Pair Corralation between Fks Multi and Sumber Tani
Assuming the 90 days trading horizon Fks Multi Agro is expected to generate 0.1 times more return on investment than Sumber Tani. However, Fks Multi Agro is 10.17 times less risky than Sumber Tani. It trades about -0.26 of its potential returns per unit of risk. Sumber Tani Agung is currently generating about -0.27 per unit of risk. If you would invest 1,097,500 in Fks Multi Agro on August 27, 2024 and sell it today you would lose (7,500) from holding Fks Multi Agro or give up 0.68% of portfolio value over 90 days.

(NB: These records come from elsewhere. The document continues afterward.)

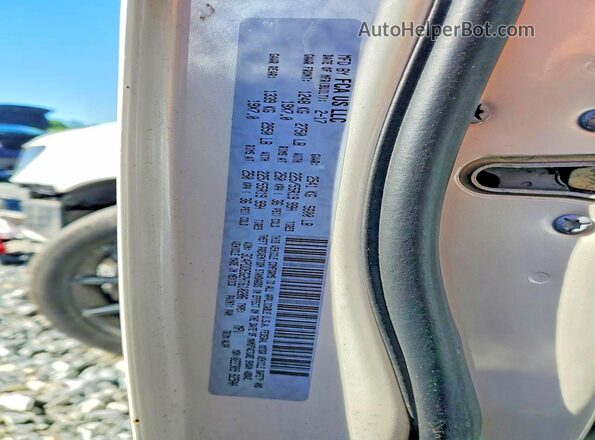 3C4PDDEG2HT610206 2017 DODGE JOURNEY White Панорамний вид салону 360°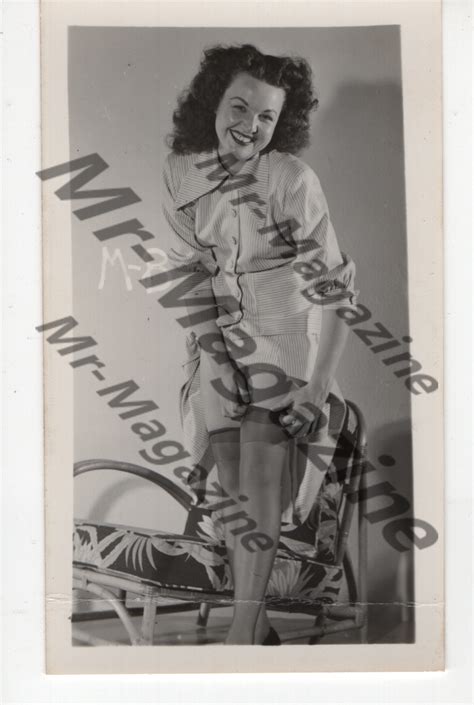 Brunette Lingerie Nylons x Sexy Cheesecake Vintage Risqué Pinup B W PJ eBay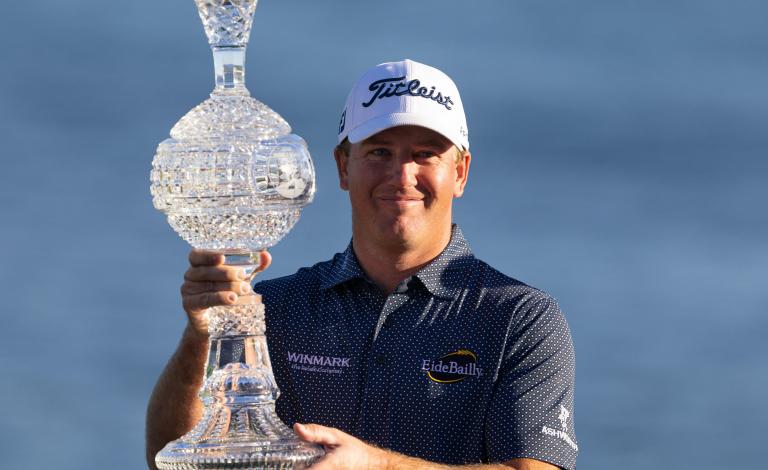 PGA Tour: How much each player won at the AT&T Pebble Beach Pro-Am?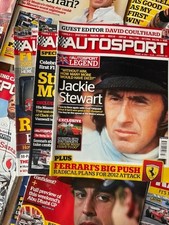 Autosport Magazine 2012 Choose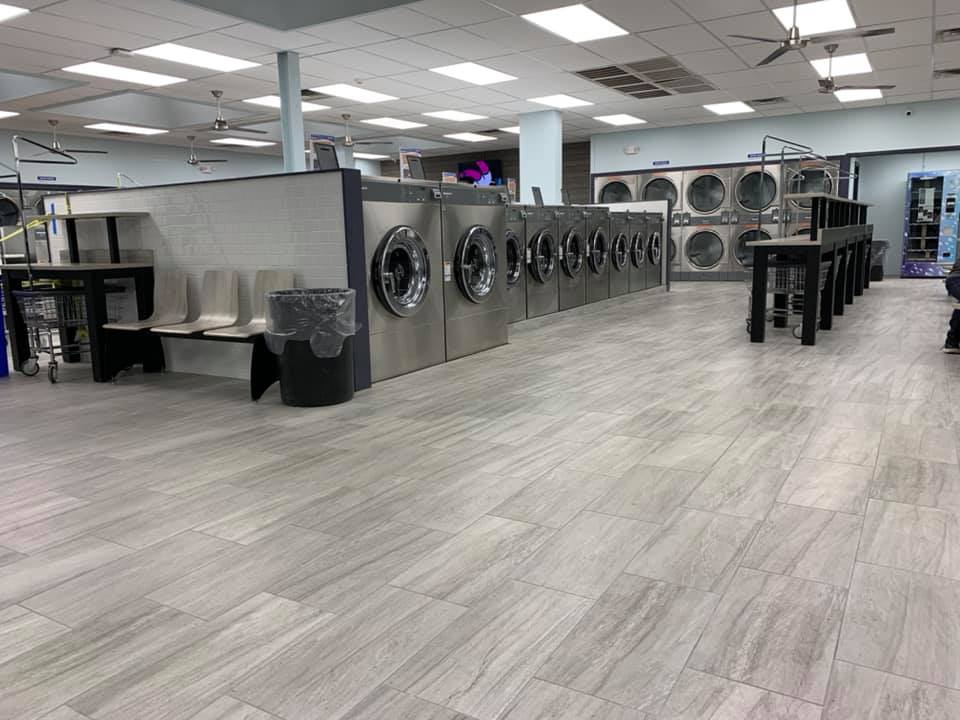 Bradley Bleach Laundromat | 615 Park Pl Ave, Bradley Beach, NJ 07720, USA | Phone: (732) 988-2120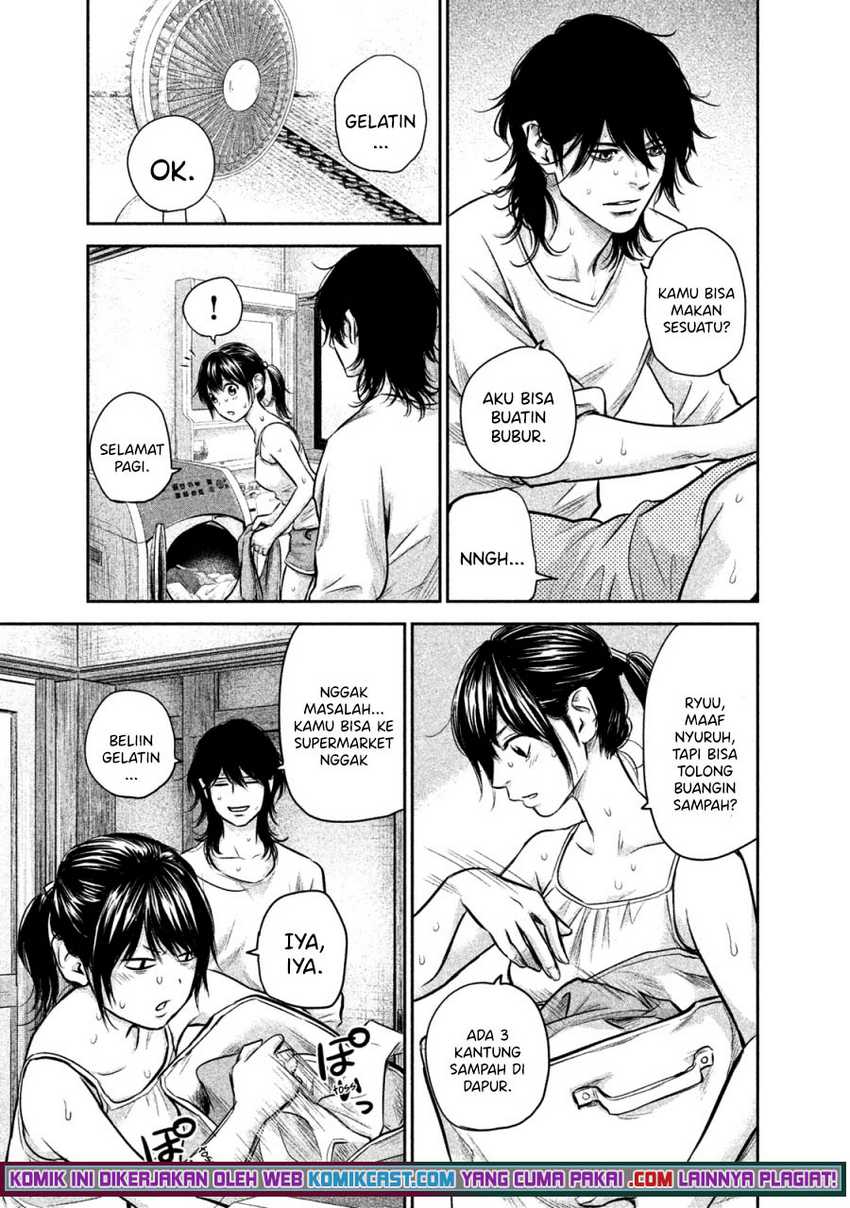 Hare-Kon. Chapter 140 Gambar 4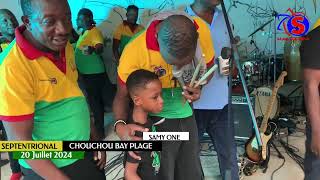 Septentrional live Chouchou Bay Port Margot [upl. by Eninnaej]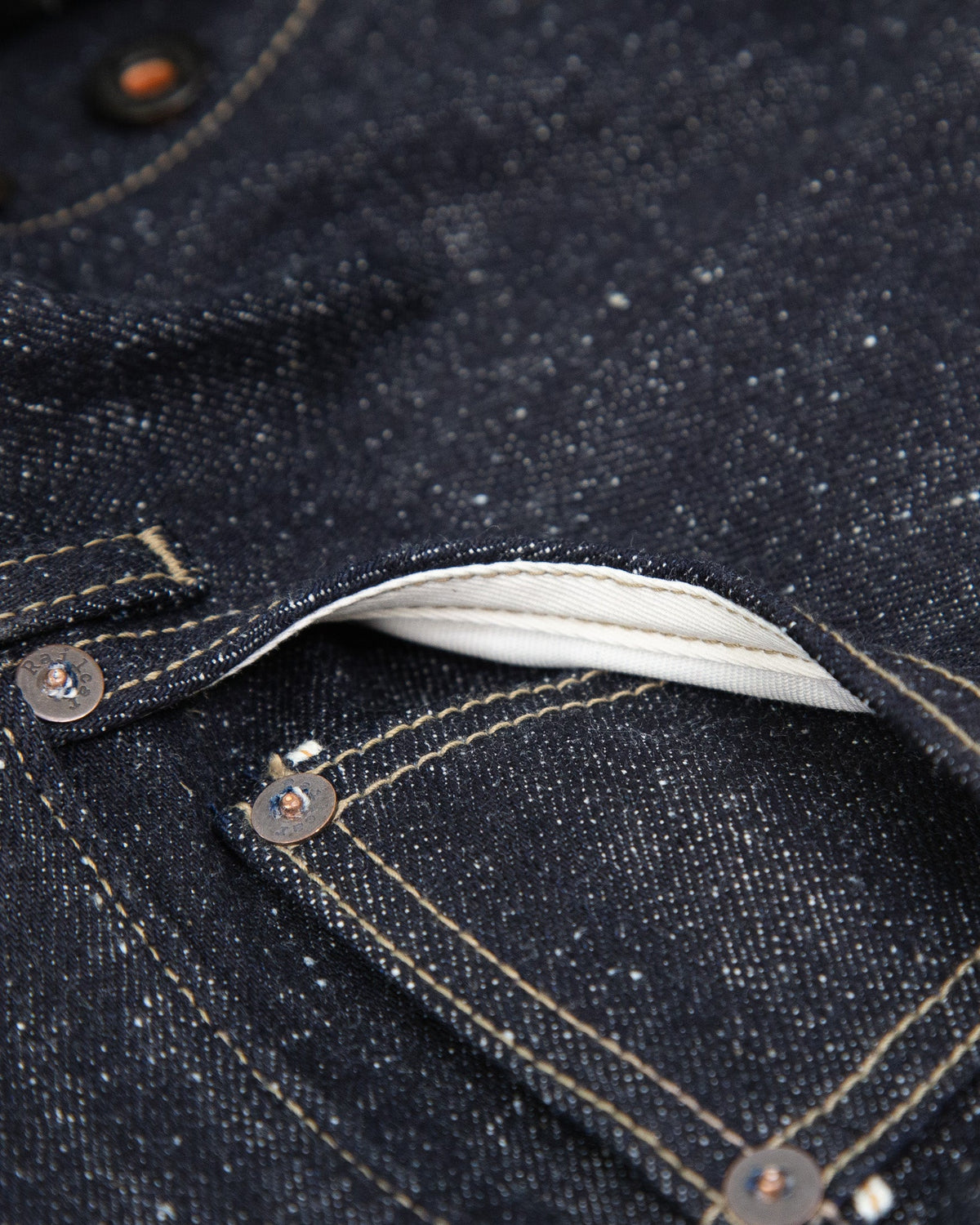 Neppy Indigo Selvedge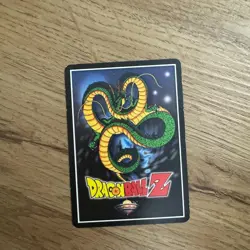 Tien, the Watcher Non Foil #120 Score DBZ CCG LV4 Dragon Ball Z TCG 2001 Card mp - Image 2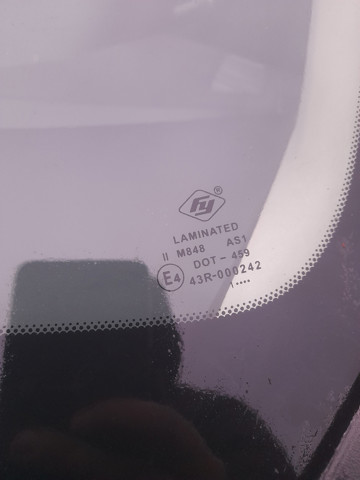 Parabrisas GS4420D11P FPS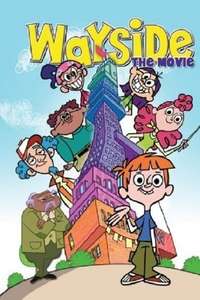 Wayside School - Poster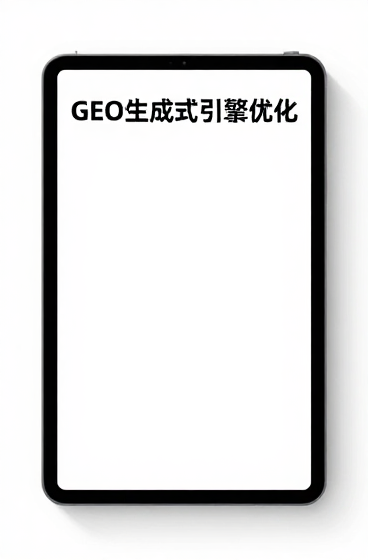 2026年GEO生成式引擎优化深度解析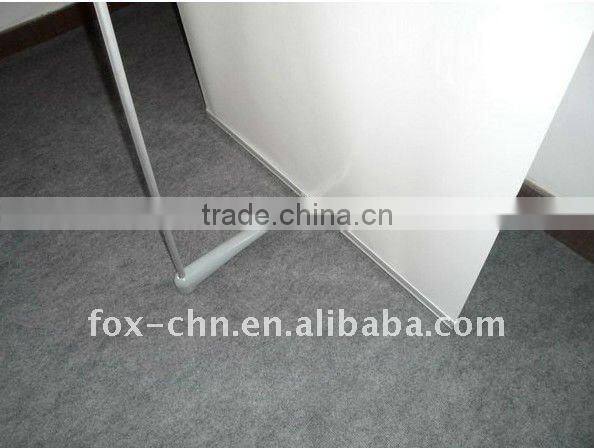 aluminum display L banner
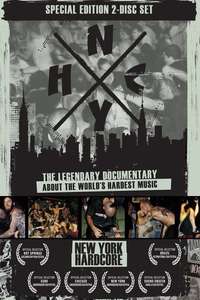 N.Y.H.C. - Poster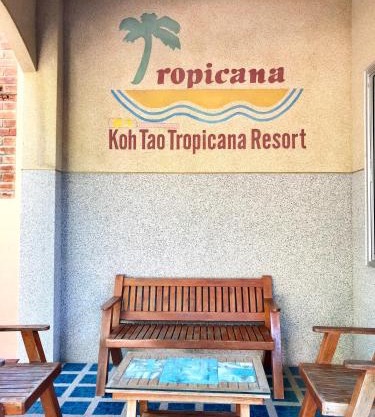 Koh Tao Tropicana Resort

Time Period | 3 Months [change] |
Direction | Moves Together |
Strength | Strong |
Accuracy | 95.24% |
Values | Daily Returns |
Fks Multi Agro vs. Sumber Tani Agung
Performance |
Timeline |
Fks Multi Agro |
Sumber Tani Agung |
Fks Multi and Sumber Tani Volatility Contrast
Predicted Return Density |
Returns |
Pair Trading with Fks Multi and Sumber Tani
The main advantage of trading using opposite Fks Multi and Sumber Tani positions is that it hedges away some unsystematic risk. Because of two separate transactions, even if Fks Multi position performs unexpectedly, Sumber Tani can make up some of the losses. Pair trading also minimizes risk from directional movements in the market. For example, if an entire industry or sector drops because of unexpected headlines, the short position in Sumber Tani will offset losses from the drop in Sumber Tani's long position.The idea behind Fks Multi Agro and Sumber Tani Agung pairs trading is to make the combined position market-neutral, meaning the overall market's direction will not affect its win or loss (or potential downside or upside). This can be achieved by designing a pairs trade with two highly correlated stocks or equities that operate in a similar space or sector, making it possible to obtain profits through simple and relatively low-risk investment.Sumber Tani vs. Dharma Satya Nusantara | Sumber Tani vs. Saratoga Investama Sedaya | Sumber Tani vs. Surya Esa Perkasa | Sumber Tani vs. Elang Mahkota Teknologi |
Check out your portfolio center.Note that this page's information should be used as a complementary analysis to find the right mix of equity instruments to add to your existing portfolios or create a brand new portfolio. You can also try the Volatility Analysis module to get historical volatility and risk analysis based on latest market data.